Пимке шел уже десятый год, и он нигде не бывал и ничего не видал, кроме своей деревни. Нужно сказать, что шалаевцы ужасно любили свою деревню и даже гордились ею. Когда молодых парней сдавали в солдаты, они расставались с родным гнездом с такими слезами, каких, вероятно, не проливают рекруты из Москвы или Петербурга. Можно было подумать, что только и можно было жить на белом свете, как в Шалайке. Пимка помнил, как провожали в солдаты его старшего брата Ефима и других парней, и тоже ревел вместе со всеми.
— Перестаньте вы, глупые! — уговаривал дядя Акинтич, отставной солдат. — О чем вы плачете? Не с волками будет жить, а с добрыми людьми; по крайней мере, всего посмотрит, как другие живут, ну, и поучится на людях. В Шалайке-то всю бы жизнь в лесу прожил… Невелика радость!

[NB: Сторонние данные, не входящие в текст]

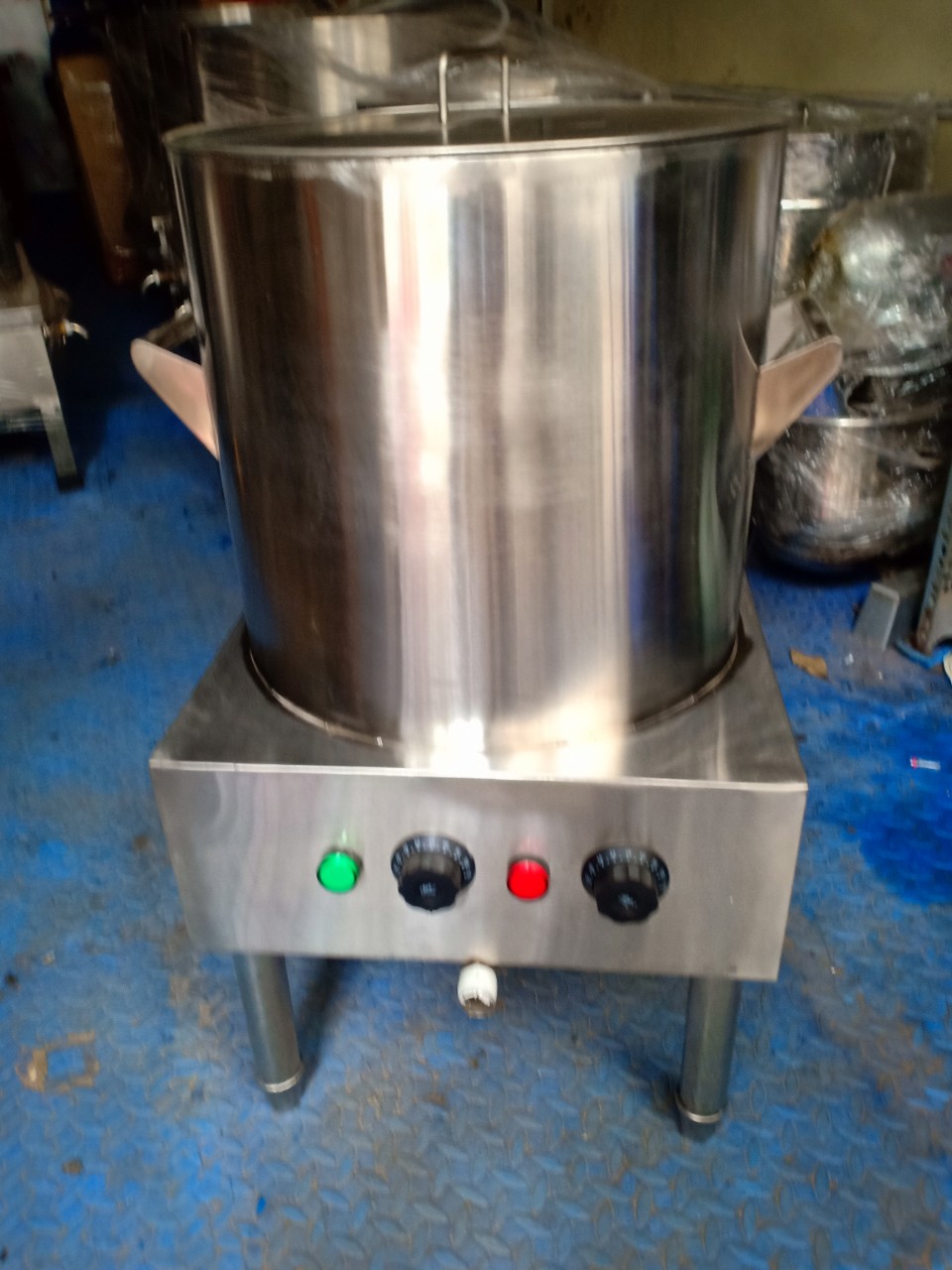 Nồi chần bánh phở 20L - 30L - 40L Inox 201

Солдату Акинтичу никто не верил. Хорошо было говорить, когда сам отслужил свою службу. Если бы уж было так сладко на чужой стороне, так зачем солдат вернулся опять к себе в Шалайку?
Акинтич жил у отца Пимки, потому что своя семья как-то разошлась: старики примерли, сестры повыходили замуж, а о женатыми братьями солдат не ладил. Пимка ужасно любил солдата Акинтича, который так хорошо рассказывал и знал решительно все, рассказывал даже лучше баушки,[11] Акулины, которая знала только сказки да «про старину». Когда брат Ефим ушел в солдаты, Акинтич занял его место. Семья была хоть и большая, но настоящих работников оставалось всего двое: отец Егор да второй брат Андрей. Был еще дедушка Тит, только он уже не мог идти за работника, потому что жил больше в лесу и домой редко выходил. Бабы в счет не шли. Мать, Авдотья, управлялась по дому, а старшая сестра, Домна, была «не совсем умом». С этой Домной вышел такой случай. Летом бабы пошли за малиной на старый Матюгин курень[12] и Домна с ними. Она была еще подростком и как-то отбилась от партии. Искали-искали ее бабы и не могли найти. Потом целых три дня искали по лесу всей деревней и тоже не нашли. Так и решили, что Домну задрал медведь. Разыскал ее уж на пятый день дедушка Тит. Забилась Домна на сосну, уцепилась и голосу не подает. Едва старик отцепил ее от дерева и привел домой еле живую. С тех пор Домна стала «не совсем умом». Все молчит, что ей ни говорят. Работать работала, когда мать заставляла, а так — все равно что дитя малое. Деревенские ребятишки любили ее дразнить. Обступят гурьбой и кричат:
— Домна, покажи, как лешак хохочет…
Стоило ей сказать это, как Домна принималась дико хохотать, выкатывала глаза и делалась такой страшной. Все говорили, что она видела «лешака» и что он пугал ее своим хохотом. Кроме Домны, были еще ребятишки, но те — совсем малыши и ни в какой счет не шли.
Вся Шалайка промышляла лесной работой, и семья Пимки тоже. Еще дед Тит работал в курене, и отец Егор принял его работу. Другие рубили дрова, вывозили лес на Чусовую, где вязались плоты и сплавлялись бревна на нижние пристани. Работа была не легкая, но все привыкли к ней и ничего лучшего не желали. Да и чего же можно желать, когда человек сыт, одет и в тепле? Пимка тоже знал, что будет работать в курене, и часто говорил отцу:
— Тятя, а когда ты возьмешь меня в курень?